If there is nothing wrong with STPM, Hishammuddin, why doesn’t your daughter do it? Why is your daughter in Australia instead? Is it because you lack trust in STPM or you lack confidence in your daughter? What about your ministry’s matriculation program? Is it because you think it is too low a standard for your daughter? You want her to do something recognized outside of Malaysia.

You see, Hishammuddin, the likes of you have turned the likes of me against this country. Right now, I have nothing but hate for this country. The first chance I get on leaving this country not to study but for good, I’ll take. I hate this country, Hishammuddin, and you only have you and your fellow party comrades to blame.

Shattered

Filed under: Uncategorized

I don’t think I have ever been so downcast or depressed regarding any exam results compared with this. I got a B+ (Economics), a B (General Studies), a B- (Accountancy), a C (Mathematics S) and a C- (Malay language). First, the bad part: I failed one of the papers in Malay, pulling my grade down to a C-. What was one of my hopes for an A became the lowest grade in my result slip. The other paper had a what-must-be-very-strong B+, but the F for my written portion makes no sense - I was top of my class. I’m appealing.

Then there is Economics. I was so hoping I would get at least an A-, instead a B+ is what I get. If I didn’t get an F in that paper and got an A- in this paper, a cummulative GPA of 3.0 and above is feaible. Instead, it’s 2.55.

I didn’t go to Singapore hence - spending so much money on visiting universities I have a very very slim chance of getting in does not entice me. Everyone is congratulating me but to me, I most certainly could do much better. I really want to resit my STPM, I know I could improve my grade dramatically.

The good news is the Maths. While in my trials and every school exam since 2002, I have failed Mathematics. And this time, I got a C. Which means my average score is in the region of 50s or 60s (out of 100). For someone who struggled previously to get double-digit percentages, this is great news. What’s better, I got a B+ (that’s B-plus) for my Mathematics Paper 2 (which was Statistics and Business Mathematics) - which means I got my marks within the range of 80s or the high 70s.

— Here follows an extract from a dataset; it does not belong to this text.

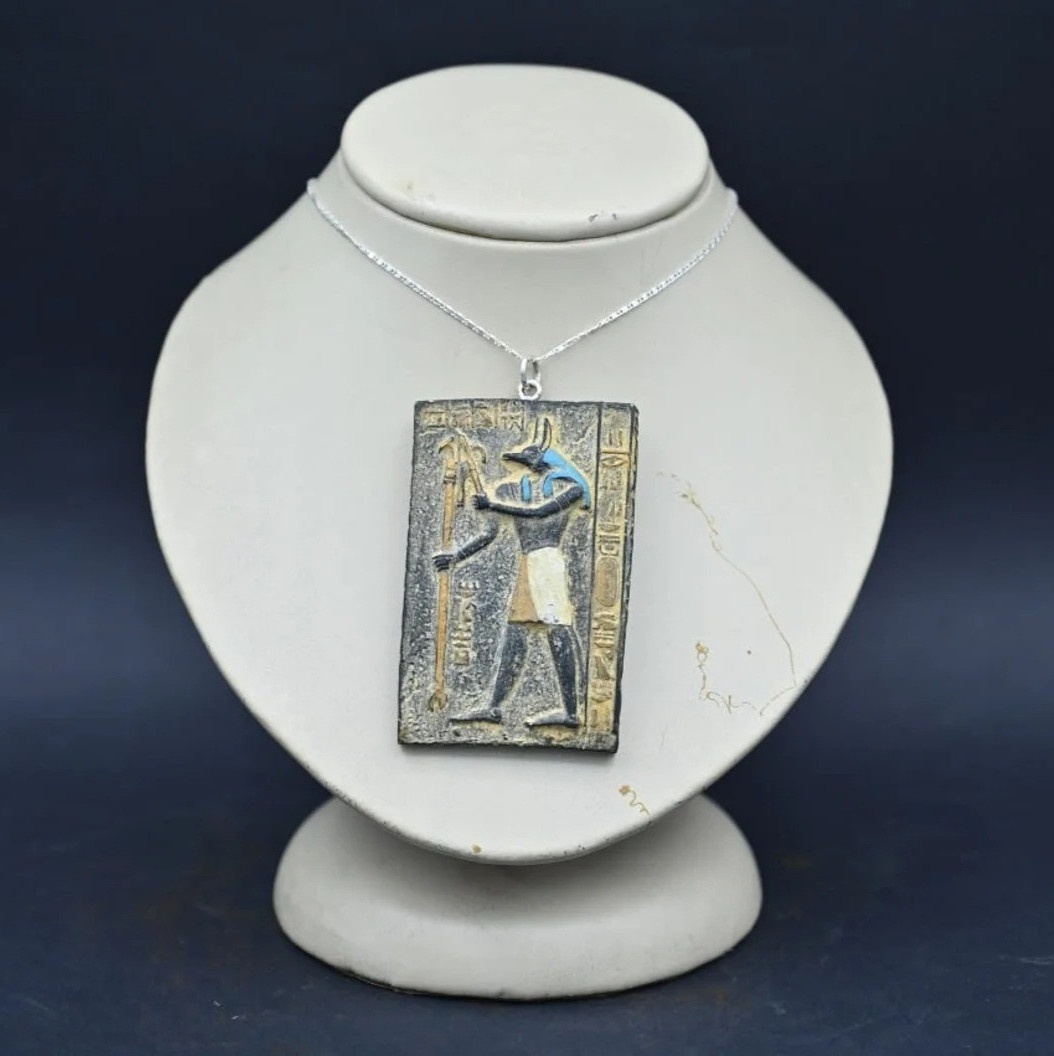 Rare Authentic Ancient Egyptian Antiquities Anubis Amulet Necklace Egyptian BC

That’s two weeks of work. Imagine what I could do with 6-7 months of work? I got a D+ in the first paper, which is calculus and other assorted nightmares - not stellar, but consider, the last test, I scored 5 marks. To get a D, I need at least 40 percent marks.

Everyone is congratulating me, somehow it being a big achievement (my Singapore-Cambridge A-Level best friend pointed out that if converted roughly on a Nottingham basis to A-level results, it’s 3A’s and 2B’s) but still, I could have done much better. I’m just so freaking depressed. I think I’ll gain a few kilos the next couple of weeks.